Benchmarking EC2 Instances on CASFS+

September 24th, 2021

Abstract

Several EC2 instances are benchmarked on CASFS on AWS. Various statistics, such as time, memory usage, and cost, are compared on varying dataset sizes to help users determine which EC2 instance is the best for their specific use case.

Introduction

In our previous benchmarking analysis, we compared various Python dataframe libraries and compared their performance on a r5.24xlarge (96 cores, 768 GB memory) machine on CASFS+. In this testing, we found that using Pandas parallelized over several cores with Ray was the fastest process, since the process had a trivial way to parallelize the code.
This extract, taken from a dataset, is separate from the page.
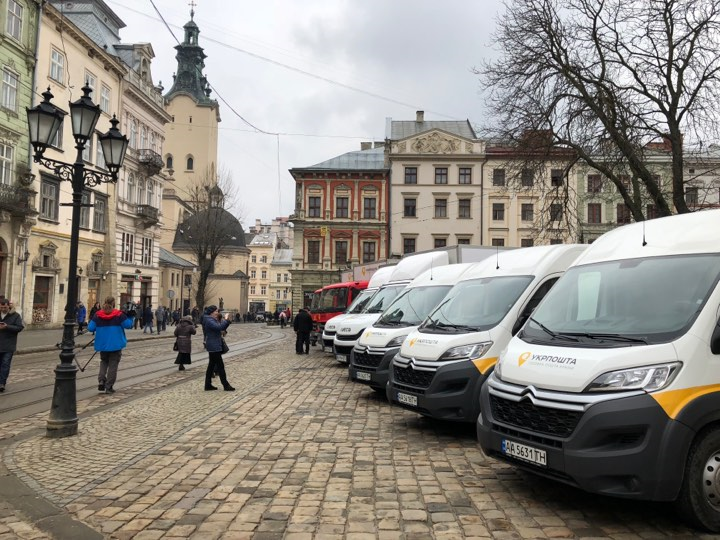 Укрпошта оновить автопарк у лізинг від ПриватБанку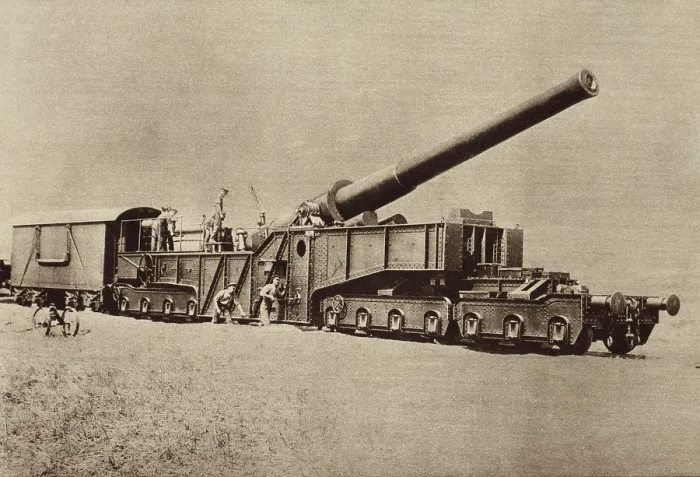 Framed Print : World War 1. Artillery in use by American forces in Argonne. The great guns manned the American Coast Artillery, and were transported to the fighting zone on railroad tracks. Ca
With this paper, we run this process on several different EC2 instances of various types and sizes to try and make recommendations on which EC2 instance is best suited for the user's needs. First, we compared eight core machines, as these are commonly used for daily work. Then we compared 96 core machines, since these can be used for larger workloads.

EC2 Instance Description

All instance descriptions were taken from https://aws.amazon.com/ec2/instance-types/

General Purpose

General purpose instances provide a balance of compute, memory and networking resources, and can be used for a variety of diverse workloads. These instances are ideal for applications that use these resources in equal proportions, such as web servers and code repositories.


  • M4 instances provide a balance of compute, memory, and network resources, and it is a good choice for many applications.
  • M5 instances are the latest generation of General Purpose Instances powered by Intel Xeon® Platinum 8175M processors. This family provides a balance of compute, memory, and network resources, and is a good choice for many applications.
  • M5a instances are the latest generation of General Purpose Instances powered by AMD EPYC 7000 series processors. M5a instances deliver up to 10% cost savings over comparable instance types. With M5ad instances, local NVMe-based SSDs are physically connected to the host server and provide block-level storage that is coupled to the lifetime of the instance.
  • M5n instances are ideal for workloads that require a balance of compute, memory, and networking resources including web and application servers, small and mid-sized databases, cluster computing, gaming servers, and caching fleet. The higher bandwidth, M5n and M5dn, instance variants are ideal for applications that can take advantage of improved network throughput and packet rate performance.
  • T3 instances are the next generation burstable general-purpose instance type that provides a baseline level of CPU performance with the ability to burst CPU usage at any time, for as long as required. T3 instances offer a balance of compute, memory, and network resources and are designed for applications with moderate CPU usage that experience temporary spikes in use.

Compute Optimized

Compute Optimized instances are ideal for compute-bound applications that benefit from high-performance processors. Instances belonging to this family are well suited for batch-processing workloads, media transcoding, high-performance web servers, high-performance computing (HPC), scientific modeling, dedicated gaming servers and ad server engines, machine learning inference, and other compute intensive applications.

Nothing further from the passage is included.